> [Work required]:
Retype every line from the start of the data down to and including the line with "A close-up of". Skip the pictures.

****

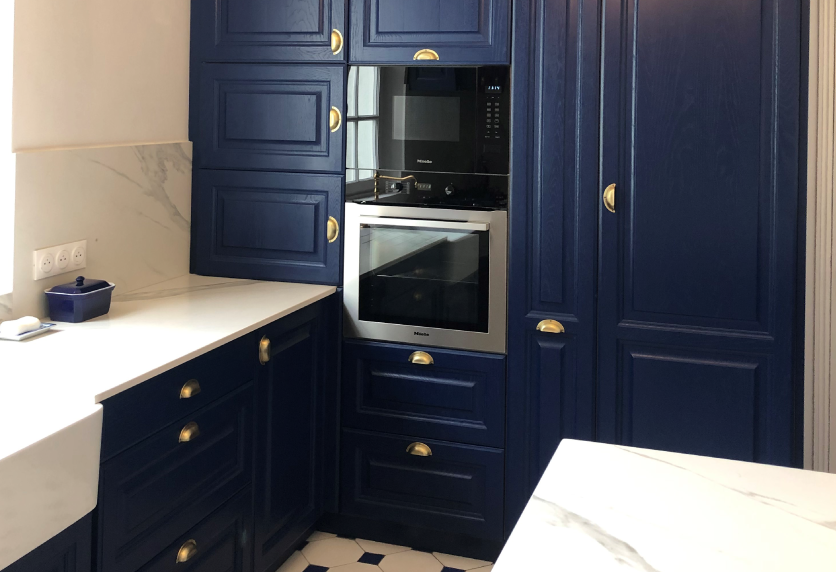 Cuisine bleu marine à Miramont-Sensacq, avec colonnes de rangement, four encastré et plan de travail clair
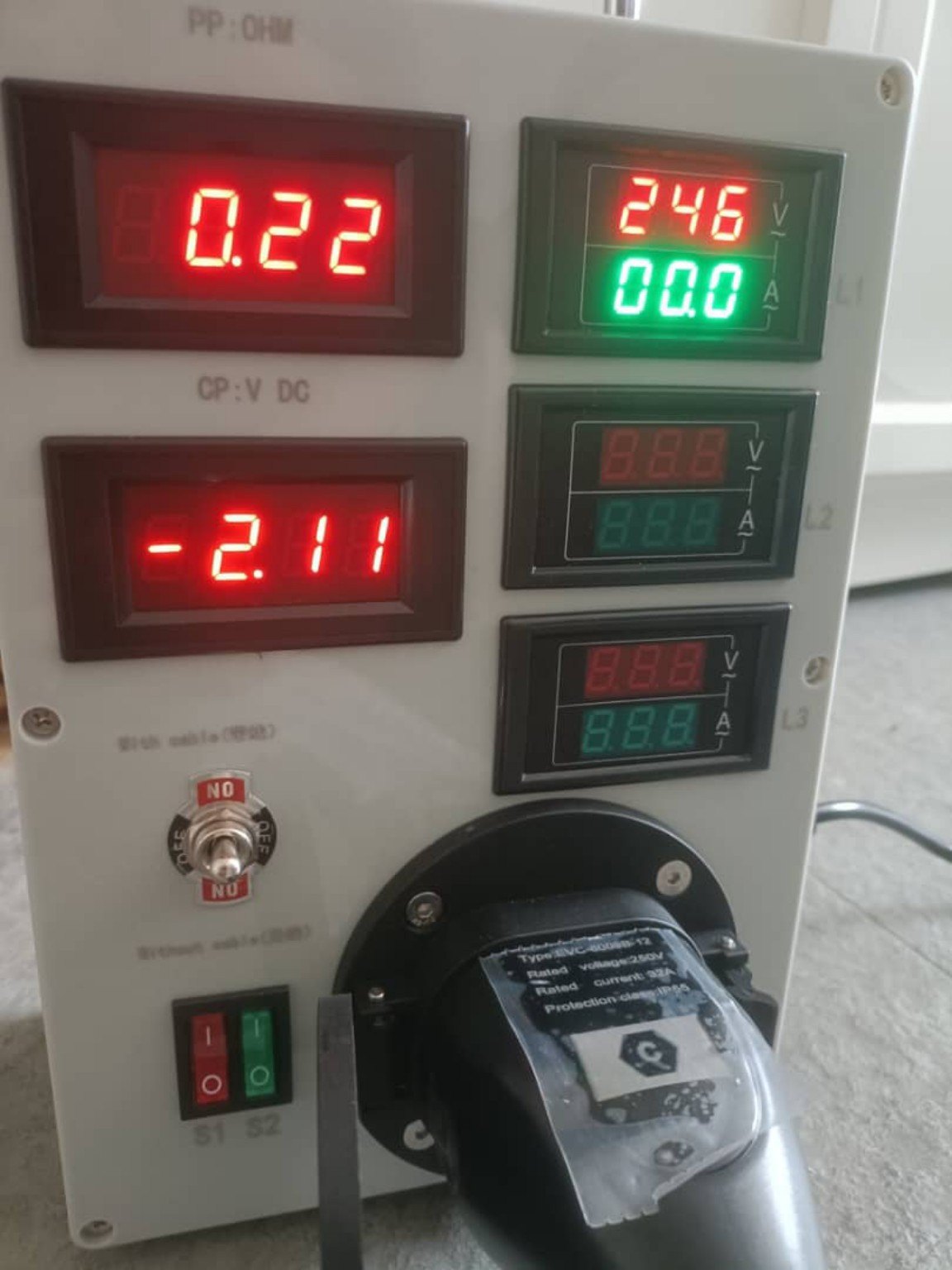 EV charger test equipment showing voltage and current readings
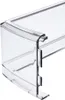 A close-up of a clear plastic refrigerator door shelf. Voir les images du produit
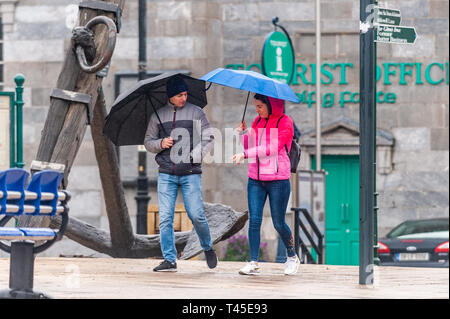 Bantry, West Cork, Ireland. 14th Apr, 2019. Two people walk in the rain in Bantry this afternoon.  County Cork is currently in the midst of a Status Yellow Rainfall and Wind Warning which lasts until 6pm Monday. Credit: Andy Gibson/Alamy Live News. Stock Photo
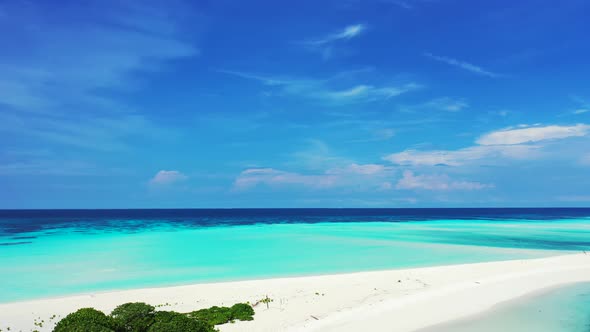 Daytime fly over copy space shot of a sunshine white sandy paradise beach and blue ocean background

****

> [Answer box]:
 Cuisine bleu marine à Miramont-Sensacq, avec colonnes de rangement, four encastré et plan de travail clair
 EV charger test equipment showing voltage and current readings
 A close-up of a clear plastic refrigerator door shelf. Voir les images du produit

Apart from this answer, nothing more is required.